We separated 15 months ago. A year ago he filed for divorce but we are still married. He never gave me a true reason why he left. Two months ago, I found out he proposed to someone early last year. The girl is much younger than he is.
He denies it all. However, there's photographic evidence of the proposal and ring on their wedding website. I don't know what to believe.
I want our family and I want us. I never wanted separation or divorce, and I have been fighting to get him back. Since I found out about the affair and engagement, we have been talking through texts and trying to figure out what happened to us.
Am I doing the right thing in fighting for him, or should I let go? Do cheaters always cheat?
Regina, what he is doing is a cliché: trading in the wife for a younger model.
Let's look at your last question first. Do cheaters always cheat?
The problem with staying with a cheater is that cheating destroys trust. We have a built-in cheater alarm which goes off whenever we are with someone who has broken faith with us. This sense has developed over the long course of human history on the planet. Why? Because dealing with cheaters is a high risk activity.
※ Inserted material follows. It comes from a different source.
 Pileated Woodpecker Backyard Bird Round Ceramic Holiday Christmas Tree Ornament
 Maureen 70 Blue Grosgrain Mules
Even if you stayed with your husband, you would have a hard time being around him.
He says he resents you for the long hours of work he has put in. The reality is in his profession he would have put in nearly the same amount of work with or without you. The amount of work strikes us as a justification not a reason. He thinks he is entitled to a younger woman. He's "earned" it.
You wrote that you've been "trying to figure out what happened to us," but you are talking with a man who is engaged to another woman. Most likely he wants to calm you to ease his escape.
Should you fight for your marriage? That looks like a lost cause. But you do need to fight for your children and for yourself. What do we suggest? Privately and without warning your husband consult with a very good, very experienced divorce attorney.
This is our suggestion of what you will want after a divorce.
1. A home for you and your children.
2. Support sufficient to get your children up to and through college.
3. Education or retraining for yourself so that when you reenter the job market, you will be in a promising, relatively lucrative field.
Our feeling is he is getting ready to lower the boom on you, and he is hoping to do it on terms which are favorable to him and his new bride, regardless of your needs.
A good divorce lawyer can give you guidance and do the heavy lifting you may be unwilling to do.